これまで身近なデジタル化の話をして参りましたが、今回は少し視点を変えて、現場で行うフィジカルなカイゼンについてお話しします。
現場で「柿内さんならここでどのようにカイゼンしますか?」と聞かれることがあります。その時、私はじっくり観察し考え自分のアイデアを提案します。そのアイデアが「素晴らしい、ぜひやってみたいです!」と評価されることが望ましいのですが、いつもそううまくいくわけではありません。
時には「そのアイデアは私たちも以前に試してみましたが、うまくいかなかったんです」と返されることもあります。そこで諦めず、「その時はどのようなやり方で試して、なぜ諦めたのですか?」と尋ねるようにしています。すると、最後までやり切らずに成果が出なかったり、予想外の問題が生じたりしたために「無理だ」と判断してしまったケースが多いのです。
現場では、過去に一度諦めた経験があると、「どうせ無理だ」と思い込んでしまい、それ以降のカイゼン機会を逃してしまうことがよくあります。私の仕事は、現場で現物を前にして、いろいろな質問や会話を繰り返して、「できない」という思い込みを取り除き、皆さんが持つ豊富な経験や知識からカイゼンの可能性を引き出すことです。
例えば、印刷工場のE社では、大型印刷機の用紙補充作業が作業効率を妨げていました。用紙がなくなるたびに、作業者が倉庫まで紙を取りに行かねばならず、その移動時間がムダになっていたのです。カイゼン会でこの問題を解決しようということになり「用紙を一定量保持できる置き場所を印刷機の近くに作れば移動回数を減らせるのでは?」と質問すると、即座に、「そのアイデアは過去に何回も出ていますが、スペースが狭くてできません」という反対意見が返ってきました。

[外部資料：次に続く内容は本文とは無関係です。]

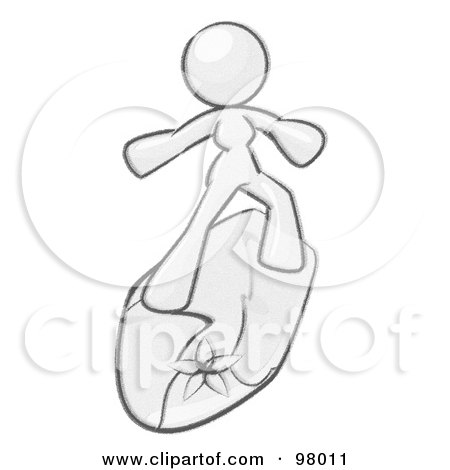 Royalty-Free (RF) Clipart Illustration of a Sketched Design Mascot Surfer Chick by Leo Blanchette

そこで、「どのようにスペースを使っているのか、最近調べていますか?」と聞いてみると、実際にカイゼンを試みたのは随分前ということでした。そこで、早速現場に行ってみると、確かにスペースは狭いのですが、周囲には普段は使わないと思われるモノや設備がいくつも置かれています。「いつも使うモノや設備だけだったらこの場所はかなり広くなるのではありませんか?」と質問すると、リーダーから「以前からそう思っていましたが、自分では決められず手を付けられませんでした」と答えました。すると、その場にいた社長が、「確かにこの機械はもう随分使っていないね。」と言って下さったので、皆は自分たちにできることがあると気付いたようでした。
私は「設備だけでなく、備品や材料も不要品や不急品が多いようですが、いまここでそれらを別の場所にどけて場所を空けてみませんか?」と促すと、皆さんが賛同して即座に実行して下さり、狭くてカイゼンはムリと思っていた現場が、徐々に、広いスッキリした現場になりました。

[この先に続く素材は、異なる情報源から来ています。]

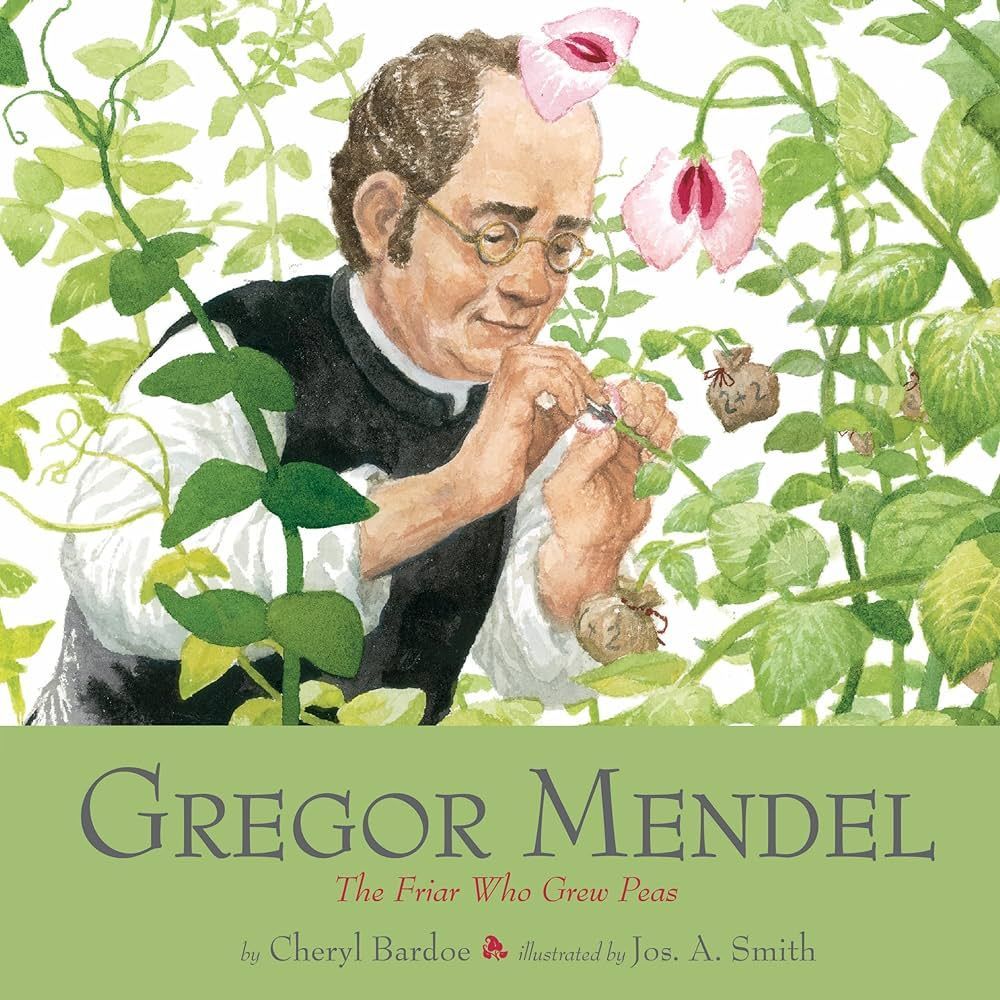 Gregor Mendel examining pea plants, surrounded by green leaves and pink flowers.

これならば用紙が必要なだけ置けると思ったのですが、生産管理担当者から「用紙の種類が多いので、そんなにたくさんは置けない」という意見が出ました。毎月100種類もの紙を使っているとのことで、「1週間分の用紙だけでも置けませんか?」と尋ねると、「置けますが、当社の高品質な印刷には湿度管理が必要です」とまた別の答えが返ってきました。そこで「湿度を一定に保てる方法はないでしょうか?」と再度質問すると、他部署から「うちで余っているキャスター付きの小型ラックに防湿カバーを付けて吸湿材や除湿器と一緒に使えば、移動させやすく湿度も保てると思う」というアイデアが出され、すぐに実行されました。
そこから次々とアイデアが出始め、他部署からの協力もあり、新たなカイゼンが多く実現し、作業者からは「移動が減り、作業に集中できるようになり、効率が格段に向上しました!」との声が上がり、印刷中断時間は7割近く削減できました。
カイゼンには、過去の固定観念を捨て、柔軟な視点で状況を再確認し、新しいアイデアを出し合うことが大切です。このように現場で、諦めずに対話を重ね、現場の方々の知恵を引き出すことで、劇的な成果を生むことが可能です。私は現場で皆さんと一緒にワイワイガヤガヤと議論しながらカイゼンに取り組むことが、最も効果的と思っています。